INSTRUCTIONS FOR THE TASK:
Leave out pictures; repeat exactly the lines from the "Yoga Set Workout" line through the last of the data below.

COLLECTED DATA:
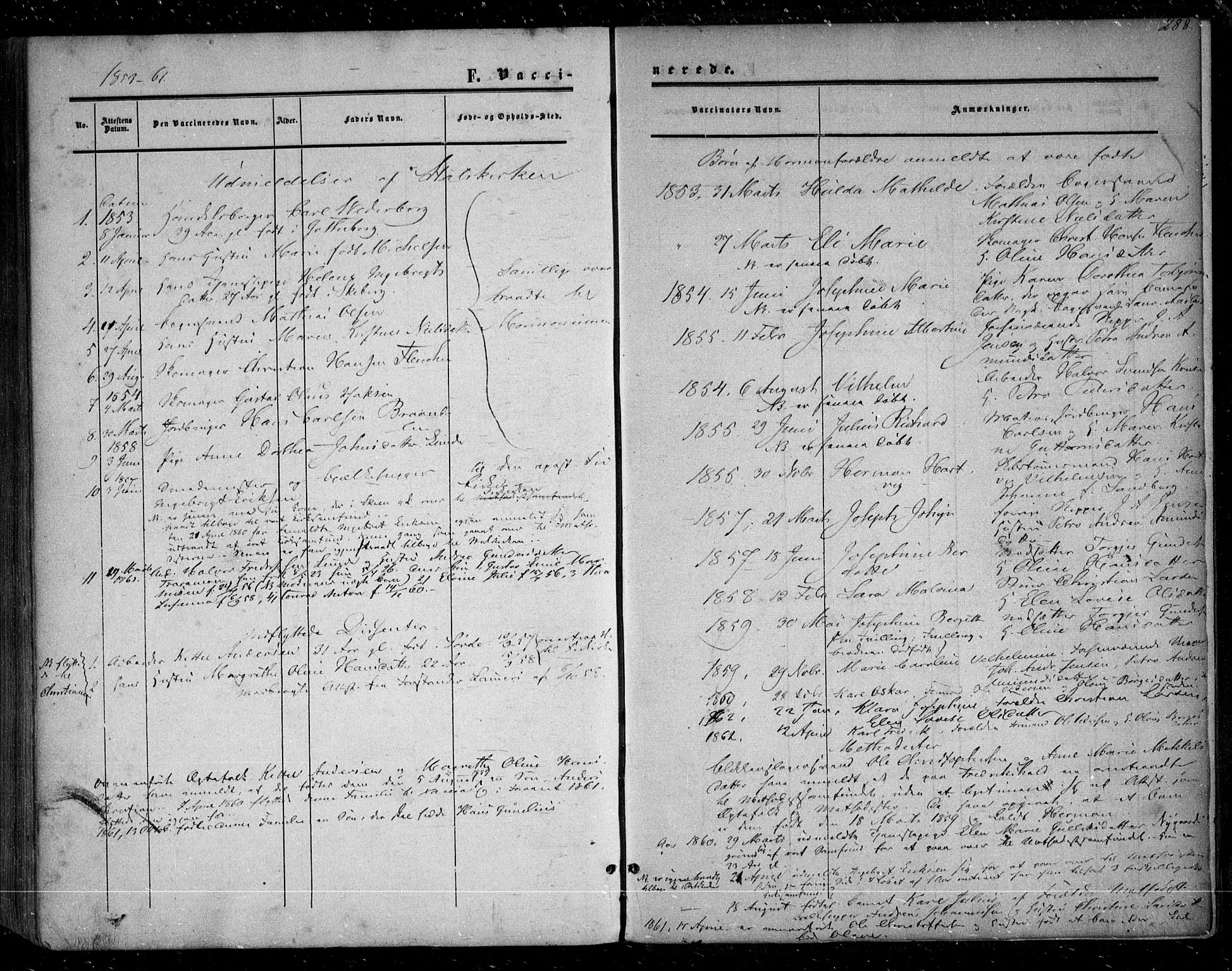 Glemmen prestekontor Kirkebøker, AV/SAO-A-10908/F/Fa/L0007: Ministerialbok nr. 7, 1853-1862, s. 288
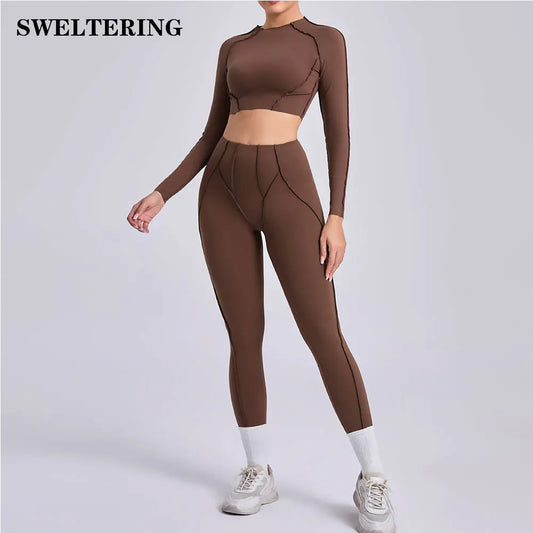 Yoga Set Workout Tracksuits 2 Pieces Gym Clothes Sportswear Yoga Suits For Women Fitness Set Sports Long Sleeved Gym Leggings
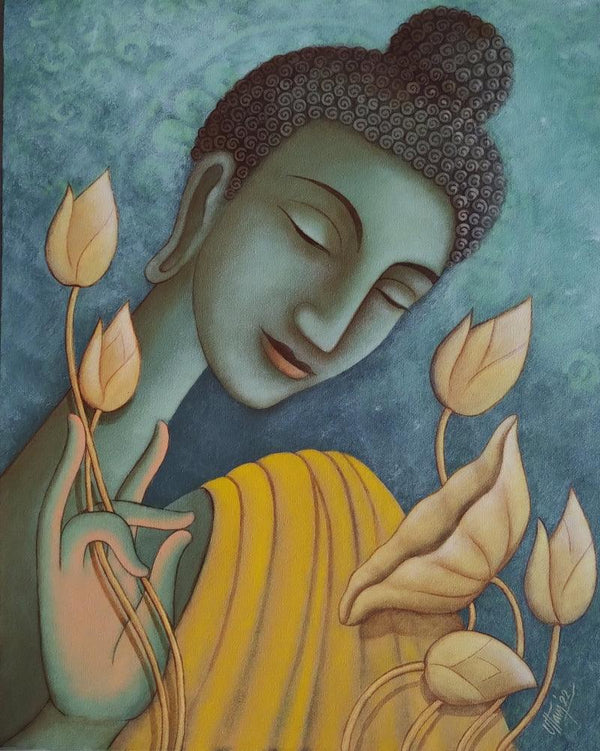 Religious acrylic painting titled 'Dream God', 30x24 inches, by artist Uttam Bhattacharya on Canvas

EXERCISE OUTPUT:
 Yoga Set Workout Tracksuits 2 Pieces Gym Clothes Sportswear Yoga Suits For Women Fitness Set Sports Long Sleeved Gym Leggings
 Religious acrylic painting titled 'Dream God', 30x24 inches, by artist Uttam Bhattacharya on Canvas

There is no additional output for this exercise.